─── SUPPLIED MATERIAL ───
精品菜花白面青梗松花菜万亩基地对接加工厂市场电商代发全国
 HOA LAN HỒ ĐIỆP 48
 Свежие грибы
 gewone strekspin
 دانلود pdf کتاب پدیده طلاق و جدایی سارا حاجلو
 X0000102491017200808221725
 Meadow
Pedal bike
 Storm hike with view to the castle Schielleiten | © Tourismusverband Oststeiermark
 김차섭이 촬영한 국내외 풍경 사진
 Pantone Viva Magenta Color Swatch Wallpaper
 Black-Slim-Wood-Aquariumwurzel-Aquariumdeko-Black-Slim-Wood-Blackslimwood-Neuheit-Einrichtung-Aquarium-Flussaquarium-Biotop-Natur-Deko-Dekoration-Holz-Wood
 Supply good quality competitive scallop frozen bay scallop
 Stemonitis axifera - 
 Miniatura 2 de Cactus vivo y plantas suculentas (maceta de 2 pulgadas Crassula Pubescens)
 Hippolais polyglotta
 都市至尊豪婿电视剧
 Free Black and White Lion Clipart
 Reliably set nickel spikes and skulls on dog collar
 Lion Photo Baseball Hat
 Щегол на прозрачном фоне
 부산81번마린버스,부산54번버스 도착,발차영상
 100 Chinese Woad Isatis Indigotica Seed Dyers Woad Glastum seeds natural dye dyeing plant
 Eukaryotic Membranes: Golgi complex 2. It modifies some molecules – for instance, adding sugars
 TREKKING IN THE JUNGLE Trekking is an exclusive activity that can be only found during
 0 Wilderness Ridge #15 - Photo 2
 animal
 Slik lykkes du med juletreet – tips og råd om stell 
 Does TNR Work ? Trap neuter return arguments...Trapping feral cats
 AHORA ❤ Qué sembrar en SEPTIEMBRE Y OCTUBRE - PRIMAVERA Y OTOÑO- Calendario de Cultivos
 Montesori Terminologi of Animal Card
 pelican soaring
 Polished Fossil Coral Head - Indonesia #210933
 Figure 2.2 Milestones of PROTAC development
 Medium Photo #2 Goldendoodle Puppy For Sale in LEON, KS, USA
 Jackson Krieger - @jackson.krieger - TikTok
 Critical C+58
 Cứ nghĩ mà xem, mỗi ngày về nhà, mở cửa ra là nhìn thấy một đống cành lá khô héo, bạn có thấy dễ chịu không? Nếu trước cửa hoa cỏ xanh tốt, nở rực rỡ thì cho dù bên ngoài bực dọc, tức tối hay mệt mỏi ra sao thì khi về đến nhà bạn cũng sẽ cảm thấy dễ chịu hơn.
───
ACTIVITY: Above this task is a listing. Restate, word for word and with nothing added, the lines from the one with "TREKKING IN THE" through the one with "pelican soaring".

ANSWER FOR THE TASK:
 TREKKING IN THE JUNGLE Trekking is an exclusive activity that can be only found during
 0 Wilderness Ridge #15 - Photo 2
 animal
 Slik lykkes du med juletreet – tips og råd om stell 
 Does TNR Work ? Trap neuter return arguments...Trapping feral cats
 AHORA ❤ Qué sembrar en SEPTIEMBRE Y OCTUBRE - PRIMAVERA Y OTOÑO- Calendario de Cultivos
 Montesori Terminologi of Animal Card
 pelican soaring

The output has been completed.